OpenResearch lets you fork ML templates and launch experiments effortlessly. A project by alphaXiv.
Train MaxRL on GSM8K in one click
One sandbox, one GPU, ~30 minutes to a fine-tuned Qwen-1.7B. MaxRL keeps the entire GRPO pipeline intact and only changes how the per-group advantage is normalized. It divides the centered reward by the group mean (pass rate) instead of its standard deviation. W&B logging on by default.
Training reward on GSM8K (raw, faint) with a 25-step moving average (bold). From an actual run of this template.
How MaxRL differs from GRPO
Standard RL maximizes the expected pass rate, which is only a first-order approximation of the true maximum-likelihood objective. MaxRL recovers the missing inverse-probability reweighting: where GRPO divides the centered reward by the group standard deviation, MaxRL divides by the group mean (the pass rate). This puts more weight on hard, low-pass-rate prompts, exactly where the learning signal matters. It also improves pass@k diversity instead of collapsing it.
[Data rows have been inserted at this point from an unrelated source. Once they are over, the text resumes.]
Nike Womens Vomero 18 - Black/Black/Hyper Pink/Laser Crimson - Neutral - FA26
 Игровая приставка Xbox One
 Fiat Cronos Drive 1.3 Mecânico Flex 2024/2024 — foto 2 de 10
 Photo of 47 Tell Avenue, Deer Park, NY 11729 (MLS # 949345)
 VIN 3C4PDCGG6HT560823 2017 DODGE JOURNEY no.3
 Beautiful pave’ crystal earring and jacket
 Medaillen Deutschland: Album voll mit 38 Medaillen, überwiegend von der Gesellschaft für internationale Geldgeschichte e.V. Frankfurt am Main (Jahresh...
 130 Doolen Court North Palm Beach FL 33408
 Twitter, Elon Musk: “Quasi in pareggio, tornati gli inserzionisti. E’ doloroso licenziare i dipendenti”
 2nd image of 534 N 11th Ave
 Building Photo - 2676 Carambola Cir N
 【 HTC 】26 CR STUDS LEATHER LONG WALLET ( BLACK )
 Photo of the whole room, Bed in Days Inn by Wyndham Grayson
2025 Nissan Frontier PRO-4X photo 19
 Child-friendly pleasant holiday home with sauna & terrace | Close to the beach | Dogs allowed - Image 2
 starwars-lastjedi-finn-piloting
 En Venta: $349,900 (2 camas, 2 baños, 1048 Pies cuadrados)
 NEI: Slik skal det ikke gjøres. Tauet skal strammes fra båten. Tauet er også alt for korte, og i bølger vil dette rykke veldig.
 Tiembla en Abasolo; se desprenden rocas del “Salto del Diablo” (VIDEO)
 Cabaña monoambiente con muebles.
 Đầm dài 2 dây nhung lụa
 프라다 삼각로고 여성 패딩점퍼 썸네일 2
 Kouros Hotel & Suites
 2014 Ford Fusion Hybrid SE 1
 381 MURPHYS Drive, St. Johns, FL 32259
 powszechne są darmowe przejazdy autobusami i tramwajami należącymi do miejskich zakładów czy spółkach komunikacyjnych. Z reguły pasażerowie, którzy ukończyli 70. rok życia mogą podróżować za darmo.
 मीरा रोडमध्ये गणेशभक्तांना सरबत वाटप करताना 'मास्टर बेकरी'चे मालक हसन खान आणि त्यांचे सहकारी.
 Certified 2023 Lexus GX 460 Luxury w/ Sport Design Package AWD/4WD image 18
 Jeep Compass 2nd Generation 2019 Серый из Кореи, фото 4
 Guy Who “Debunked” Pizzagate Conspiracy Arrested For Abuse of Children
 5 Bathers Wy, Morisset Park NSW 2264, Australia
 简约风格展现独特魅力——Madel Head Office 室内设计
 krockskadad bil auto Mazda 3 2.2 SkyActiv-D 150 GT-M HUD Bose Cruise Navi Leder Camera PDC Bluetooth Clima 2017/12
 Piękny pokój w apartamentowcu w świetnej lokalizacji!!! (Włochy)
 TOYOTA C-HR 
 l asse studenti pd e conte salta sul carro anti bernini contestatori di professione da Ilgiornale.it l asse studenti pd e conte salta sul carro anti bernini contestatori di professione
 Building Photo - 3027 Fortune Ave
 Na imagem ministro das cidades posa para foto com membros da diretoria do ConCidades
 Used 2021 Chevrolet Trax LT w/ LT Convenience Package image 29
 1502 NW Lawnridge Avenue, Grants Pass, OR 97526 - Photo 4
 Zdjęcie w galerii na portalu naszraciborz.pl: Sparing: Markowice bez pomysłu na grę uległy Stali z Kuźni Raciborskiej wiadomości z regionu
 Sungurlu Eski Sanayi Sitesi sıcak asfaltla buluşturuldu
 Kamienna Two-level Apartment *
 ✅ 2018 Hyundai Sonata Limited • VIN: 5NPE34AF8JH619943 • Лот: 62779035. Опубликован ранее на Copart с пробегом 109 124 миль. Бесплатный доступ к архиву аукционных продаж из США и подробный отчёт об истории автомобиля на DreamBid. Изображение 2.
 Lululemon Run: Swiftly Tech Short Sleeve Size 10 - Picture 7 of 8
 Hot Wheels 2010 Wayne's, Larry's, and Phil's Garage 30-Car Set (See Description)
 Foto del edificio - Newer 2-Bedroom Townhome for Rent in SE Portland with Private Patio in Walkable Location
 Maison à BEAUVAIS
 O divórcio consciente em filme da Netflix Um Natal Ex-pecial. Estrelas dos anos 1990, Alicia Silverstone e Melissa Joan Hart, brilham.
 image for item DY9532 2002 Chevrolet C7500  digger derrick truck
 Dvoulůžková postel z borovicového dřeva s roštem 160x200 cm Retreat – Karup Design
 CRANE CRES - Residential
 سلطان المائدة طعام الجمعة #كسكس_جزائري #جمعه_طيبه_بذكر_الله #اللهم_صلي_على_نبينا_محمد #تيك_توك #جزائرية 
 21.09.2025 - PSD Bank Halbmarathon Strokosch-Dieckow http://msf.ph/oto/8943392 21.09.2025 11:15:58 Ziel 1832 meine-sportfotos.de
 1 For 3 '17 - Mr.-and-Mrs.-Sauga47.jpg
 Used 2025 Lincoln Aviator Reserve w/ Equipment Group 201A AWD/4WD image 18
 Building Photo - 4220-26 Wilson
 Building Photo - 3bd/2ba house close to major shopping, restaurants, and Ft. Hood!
Same rollouts, two normalizers. Dividing by the mean amplifies the gradient on the hard prompt (small pass rate) and damps it on the easy one. GRPO's std normalization does the opposite.
Under the hood
| Algorithm | MaxRL (mean-normalized GRPO), 32 rollouts per prompt |
| Objective | Divide centered reward by group mean (pass rate), not std. Recovers w(p) → 1/p reweighting |
| Base model | unsloth/Qwen3-1.7B-Base |
| Fine-tuning | LoRA adapters via Unsloth + vLLM rollouts |
| Reward | Sparse correctness: 1 if final answer matches, else 0 |
| Schedule | 500 steps, linear LR decay peaking at 5e-6 |
| Hardware | 1 GPU (≥ 24 GB vRAM) |
Once it's running, stack child experiments: bump the rollout group size (MaxRL optimizes a higher-order approximation of the likelihood as the group grows), flip the `MAXRL` flag to 0 to A/B against vanilla GRPO, or swap GSM8K for MATH, AIME, or your own verifiable dataset.